Economic analysis for cabazitaxel [7, 10]

As a second example of a CMA, the HTA report for the comparison of cabazitaxel (brand name Jevtana) with abiraterone acetate, enzalutamide or radium 223 dichloride was used to treat metastatic castration-resistant prostate cancer, and a verification analysis developed by AOTMiT were used. The methodology of the published economic analysis was as follows:

1.     Disease: metastatic castration-resistant prostate cancer

2.     Comparators: abiraterone acetate, enzalutamide, radium 223 dichloride

3.     Type of analysis: cost minimisation analysis

4.     Basis for adopting the analysis methodology: a comparison of evidence collected in the clinical analysis (naive comparison)

5.     Perspective: an entity obliged to finance public benefits (NFZ) and NFZ + benefit recipient (patient)

6.     The calculation method: the product of the treatment duration and unit costs of individual drugs

7.     Time horizon: 1 year

8.     Discounting: none

9.     Costs included in the analysis: the compared substances, administration of drugs, combination of prednisone/prednisolone, G-CSF prophylaxis, drug programme qualification, monitoring under the drug programme, as well as costs incurred after treatment under the drug programme

10.  Treatment duration: presented in the table below.

Table 3. Duration of individual drug therapy in the CMA for cabazitaxel

Drug

Maximum treatment duration

Treatment duration in the analysis

 

Data source

cabazitaxel

10 21-day cycles

6 21-day cycles (126 days)

Median number of cycles from the clinical trial

TROPIC [10]

abiraterone acetate

 

Until loss of effectiveness

5.6 months (=170 days)

Median progression-free survival

AFFIRM and HTA report [3]

 

enzalutamide

 

Until loss of effectiveness

8.3 months (=253 days)

Median progression-free survival

OU-AA-301 and HTA report [3]

 

radium 223 dichloride

 

6 28-day cycles

6 28-day cycles (168 days)

Median number of cycles from the clinical trial

ALSYMPCA [11]

 

A one-year time horizon was adopted in the CMA. The authors of the analysis have made the assumption that all patients survive a year (the assumption is based on median total survival from clinical trials for individual health interventions).

Only parameters available in the trials, determining the treatment duration, were used to calculate the treatment cost. Cabazitaxel and radium 223 dichloride are administered in cycles of 21 and 28 days, respectively, while abiraterone acetate and enzalutamide are administered daily. To determine the treatment duration with cabazitaxel and radium 223 dichloride, medians of the number of therapy cycles were used, and for abiraterone acetate and enzalutamide, median treatment duration was used. The calculations were made by multiplying the unit costs by the appropriate treatment duration; furthermore the other costs and costs incurred after completing treatment under the drug programme were taken into account.

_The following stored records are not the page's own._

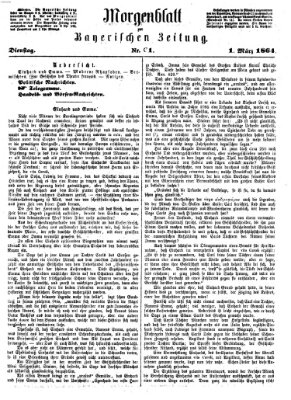 Bayerische Zeitung. Mittag-Ausgabe (Süddeutsche Presse) Dienstag 1. März 1864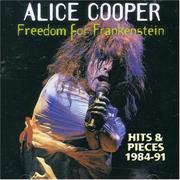 Freedom for Frankenstein: Hits &amp; Pieces 1984-1991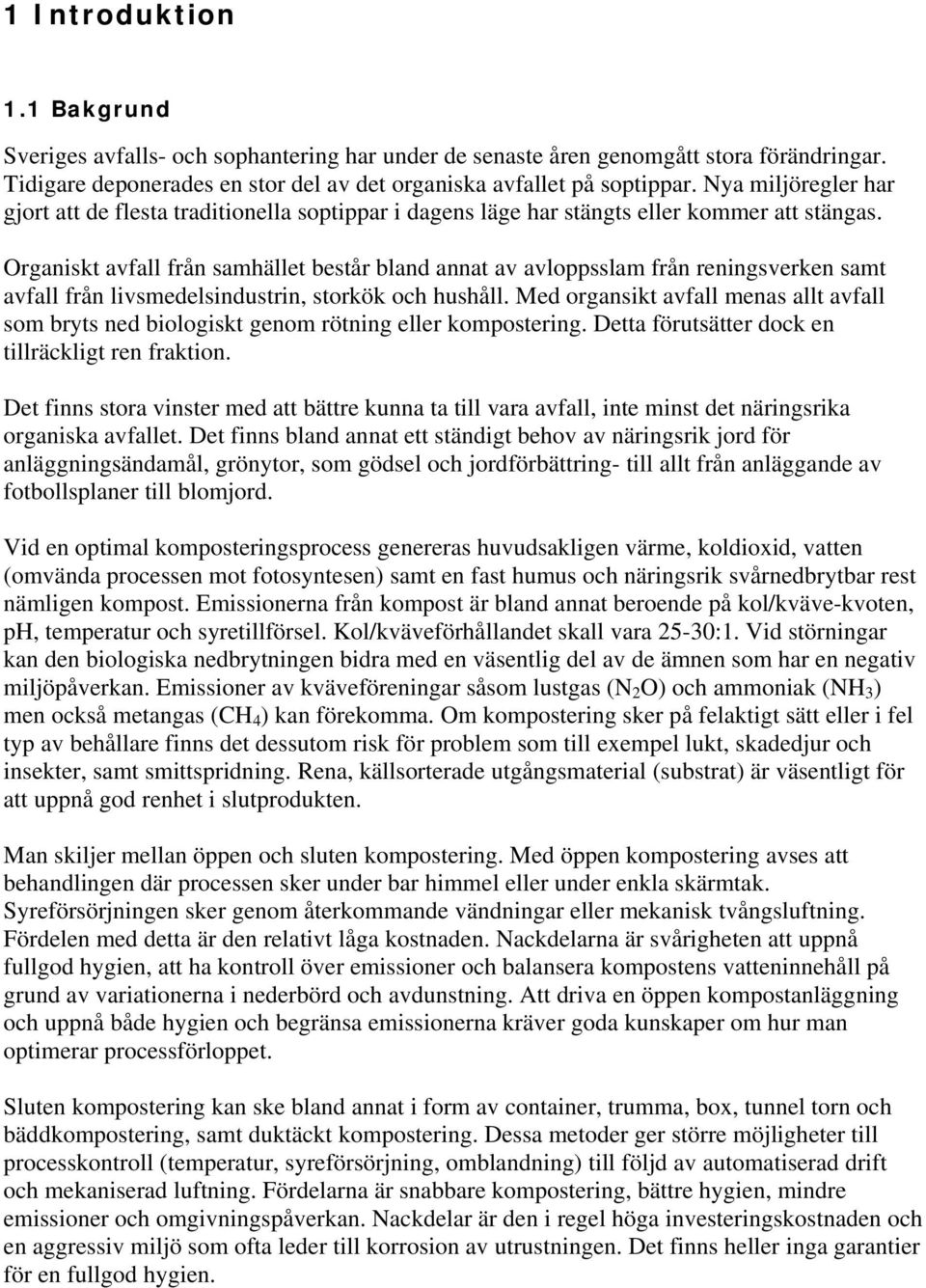 Organiskt avfall från samhället består bland annat av avloppsslam från reningsverken samt avfall från livsmedelsindustrin, storkök och hushåll.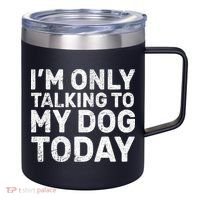 I'm Only Talking To My Dog Today 12oz Stainless Steel Coffee Mug thumb 0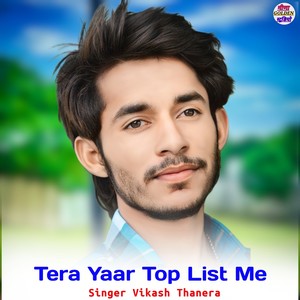 Tera Yaar Top List Me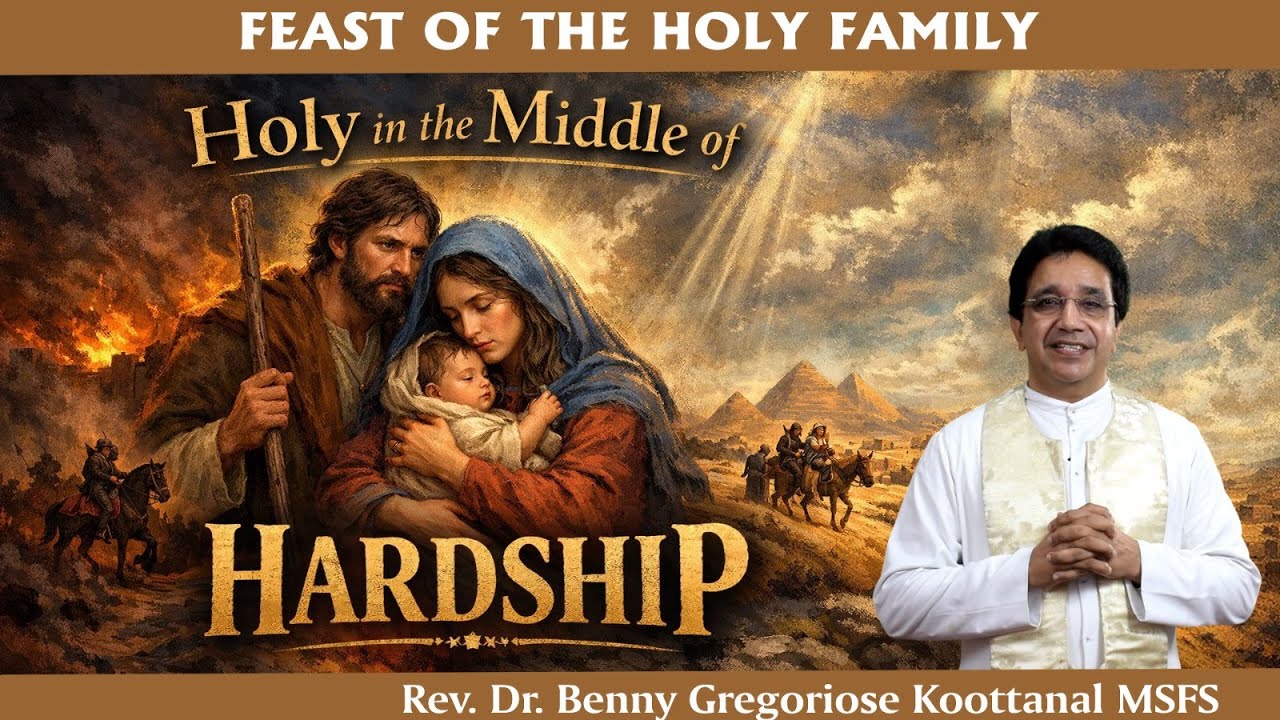 The Feast of the Holy Family:HOLY IN THE MIDDLE OF HARDSHIP , Rev Fr Benny Gregoriose Koottanal MSFS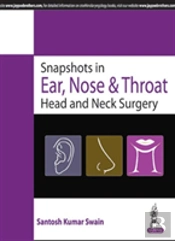 Snapshots In Ear, Nose & Throat Head And Neck Surgery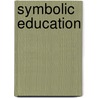 Symbolic Education door Susan Elizabeth Blow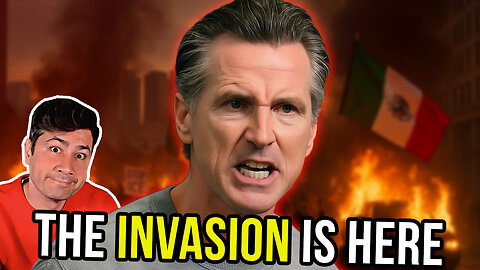 Why Is California’s Governor DEFENDING Illegal Immigrant Riots?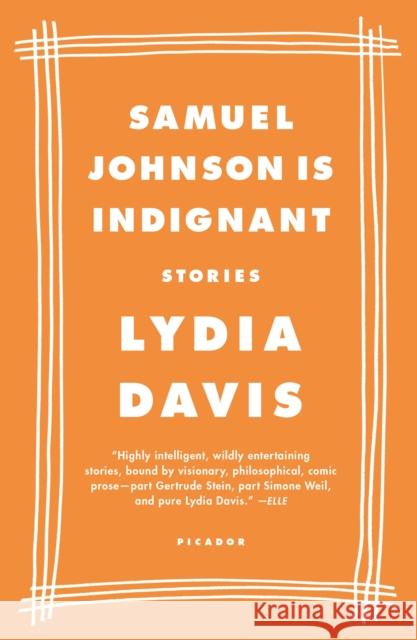 Samuel Johnson Is Indignant: Stories Lydia Davis 9780312420567 Picador USA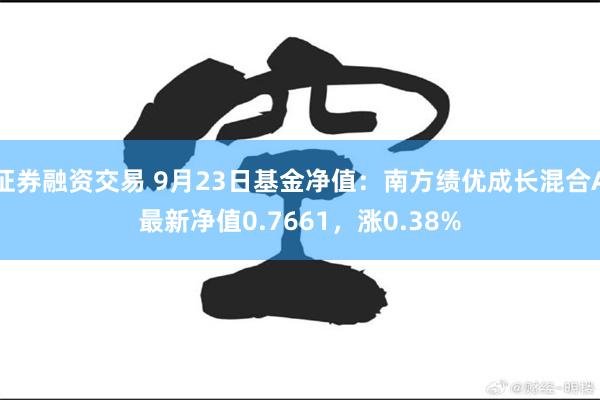证券融资交易 9月23日基金净值:南方绩优成长混合A最新净值0.7661,涨0.38%
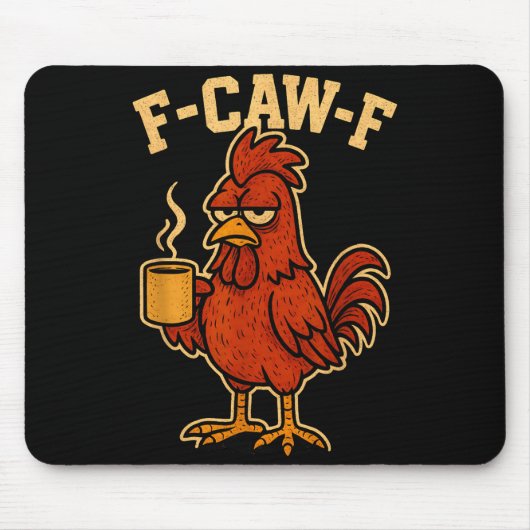 Tapis De Souris F Caw F Coffee Chicken F Kawf Rooster Funny Bird F (Devant)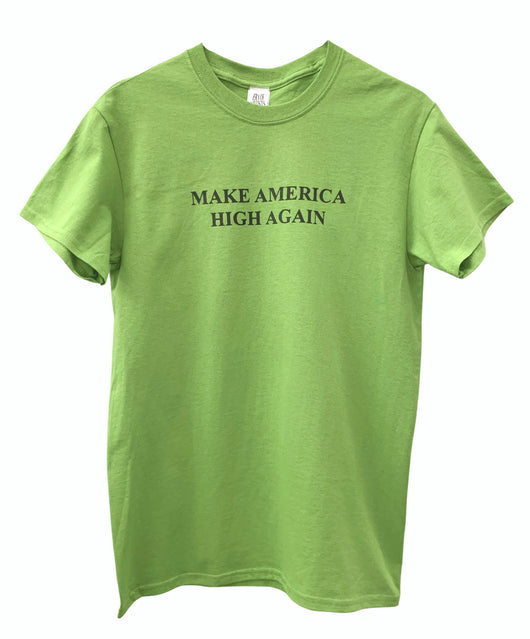 Make America High Again Graphic Unisex Tee - Color Options Available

The CMA published on the AOTMiT website was based on data from another order of the Minister of Health made to the AOTMiT, in which the median length of therapy for enzalutamide and abirateron was used [3]. These data were used to calculate the treatment cost in the cabazitaxel cost minimisation analysis. The optimal method of calculating and presenting cost data is to use average values, which, however, have not been published, and the calculation of these values requires certain assumptions. In the case of a change in the data on treatment duration from medians to means, the one-year time horizon of the analysis can therefore be too short. The maximum duration of treatment with cabazitaxel and radium 223 dichloride is limited and amounts to 10 and 6 cycles, respectively, which means that for these two interventions, a one-year time horizon of the analysis is adequate, as no patient will be treated for more than a year. The maximum duration of treatment with abiraterone acetate and enzalutamide is not specified, and the median adopted for the calculations means that for half of the patients it is actually shorter and for the other half it is longer than the median. And therefore in fact some patients can be treated for more than one year, which leads to the conclusion that a one-year time horizon may be too short to compare those two drugs.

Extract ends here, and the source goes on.